6. On organizatonal priorities and annual work plan. Do Board and Executive Director annually agree not only on budget, development, future direction, and processes of change, but also program priorities, annual work plan, and expected results? Do all agree on the methods of reporting impact, measurement of results, and the operational definition of success?

7.  On Board meeting protocol. Do all agree on what is expected and what should result from Board meetings?  Does the Board characterize itself as a working board, an oversight board, or a policy board? Where does the Executive Director’s responsibilities fit into this characterization?
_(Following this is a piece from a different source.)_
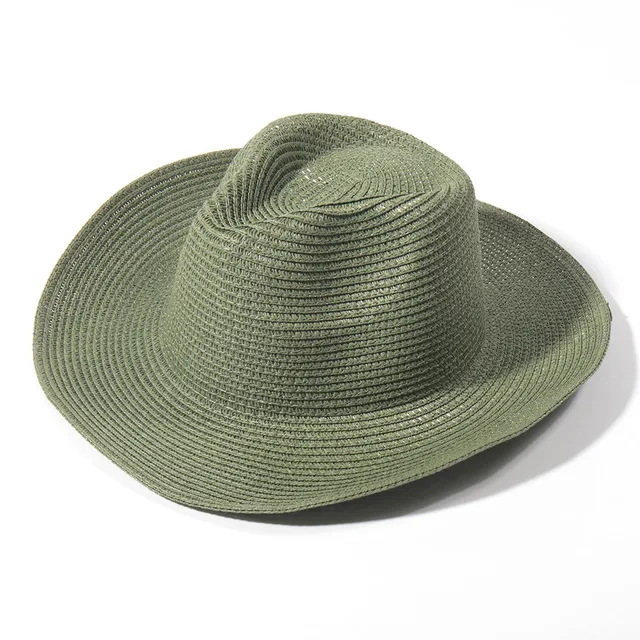 Vendita calda Cappelli da cowboy verde erba da uomo e da donna, in paglia, monocromatico, in feltro, con tesa larga, cappello da cavaliere da spiaggia all'aperto, шляпа женская_voghion.com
8. On responsibilities of Board Chair. Does the Board and the Executive Director agree on the specific responsibilities of the Chair? Is there agreement on the role of the Chair in the interim between Board meetings? Is there consensus on the Chair’s responsibility for the organization in the community? Do the Chair and the Executive Director agree on their respective roles in the community and in the organization?

9. On communication between Executive Director and chair and Executive Director and Board. Do the Chair and Executive Director agree on the relationship between their respective roles? Do they communicate over an expected range of important information?  Are all confidential matters shared with the Chair by the Executive Director? And on what issues and when the Executive Director should communication directly with the Board?

10. And on annual job review and succession. Do the Executive Director and the Board, or Executive Committee, agree on terms for evaluation of job performance, review, compensation and potential bonuses or other amenities as part of the original hiring of the Executive Director? Agreement on payment of  staff at market rates, or an alternative formula, should also be part of the initial negotiation. Agreed-upon processes should be in place for  succession planning, notice of departure, retirement, and termination terms.   Is there agreement on  longer-term development of potential internal talent for the top posts as part of an overall organizational development plan?

If any of these do not have the consensus needed, mechanisms to reconcile differences to allow optimal operation of the organization must be in place.

Such agreements covered above are  necessary parts of the relationship, although they are insufficient to guarantee overall organizational success. Other internal factors, external forces, changes in the environment, economics, and a multitude of other variables will and must be taken into consideration in running any organization. However, without fundamental consensus on the ten areas above by the Board and the Executive Director, the organization will not succeed.

Special thanks to Don Taylor of the Chandler Group for his significant suggestions.